Anyone with a modicum of commonsense knows, consumer confidence and trust is a precious commodity, and as Shervington puts it, “traders need to upscale their quality monitoring if they want to retain it.” He says they should ask themselves a number of questions such as how important is product safety for buying teams? Are they incentivised to protect consumer safety? Do they rely on assurances or (often self-certified) CE marking from suppliers, or do they carry out independent checks? Do contracts give audit rights, and if so, are those rights actually exercised?

Like most crises, those relating to product invariably occur when they’re least expected. As such, planning is everything.

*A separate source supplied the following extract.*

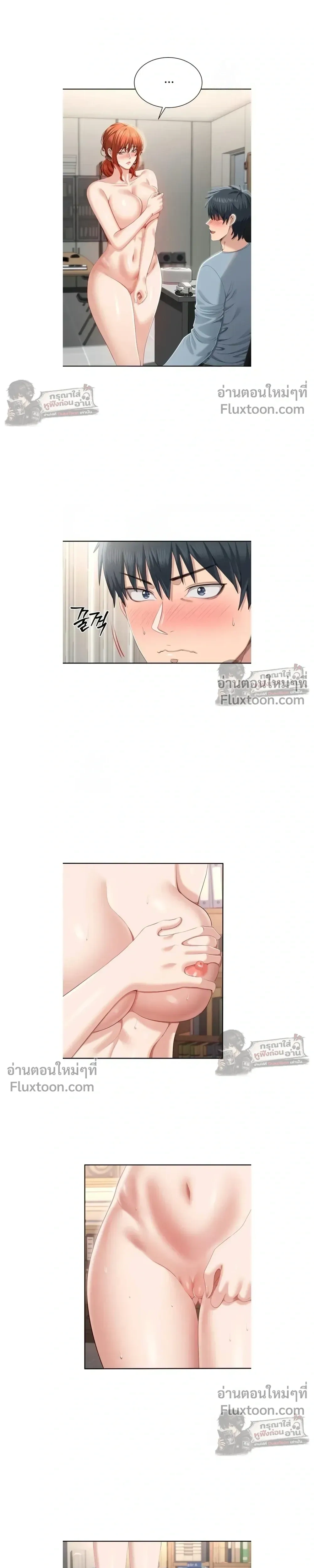 ภาพที่ 3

Shervington says every trader should have a crisis management plan in place to ensure that they are ready to “respond in a swift, measured and comprehensive way while communicating a clear, consistent message to customers.” He adds that traders need to engage with their suppliers at an early stage to ensure that they are dealing with safety concerns promptly and thoroughly, and that they have notified the regulator as appropriate. “If they have not, or you are not satisfied with the steps your supplier has taken, you may need to take action yourself to protect your position and ensure consumer safety.” And naturally customer facing staff should be properly briefed so that they can provide clear guidance to customers, including directing them to the producer where appropriate.

Unlike consumer-facing contracts, in cases where a business buys goods, the supplier can exclude the implied terms of satisfactory quality and fitness for purpose (subject to a test of reasonableness which applies when dealing on standard terms, although not in international supply contracts). Even so, traders should also look to incorporate clauses requiring prompt notification by suppliers of safety concerns, and express provisions requiring compliance with all applicable legislation, in addition to warranties/indemnities over workmanship and quality. Careful records should be kept as such costs are accrued so that they can be recovered once the initial crisis is over.

Shervington makes one last observation: “Careless admissions or unhelpful comments in internal emails have changed the course of many substantial commercial claims. Both internal and external communications relating to the safety issue are potentially disclosable to regulators and in civil litigation. Ignorance about this issue remains widespread - staff should be made aware of the dangers and instructed to be particularly careful about document creation.”

Panel: Electrical Safety First

Martyn Allen, head of the Electrotechnical Department at Electrical Safety First, says the safety record of electrical products in the UK is general good but with the increasing complexity of the supply chain comes significant traceability issues. “This is a major concern, as almost half of all domestic fires arise from electricity and most of these are caused by electrical products. But the problem of tracing a product to the end user is compounded by consumers’ reluctance to register electrical items.” Allen says traders have a significant part to play in improving this situation, as they have a direct relationship with consumers.

Interestingly Allen doesn’t believe the current recall system is fit for purpose. “As the recently published Review of the UK System for the recall of Unsafe Consumer Products has indicated, the problem is not with the legislation itself but with its enforcement and the need to improve communications around recalls.”

Electrical Safety First issued a major report – Consumer Voices on Product Recall – late in 2014. It found that recalls have a limited success rate (rarely more than 10-20%) and that a major factor in consumers’ not registering electrical products is the worry that their information will be used for marketing. Allen adds: “Our research also found that 77% of people would respond to a recall if they were clear on the potential danger – which can be dealt with by clear and efficient communication.”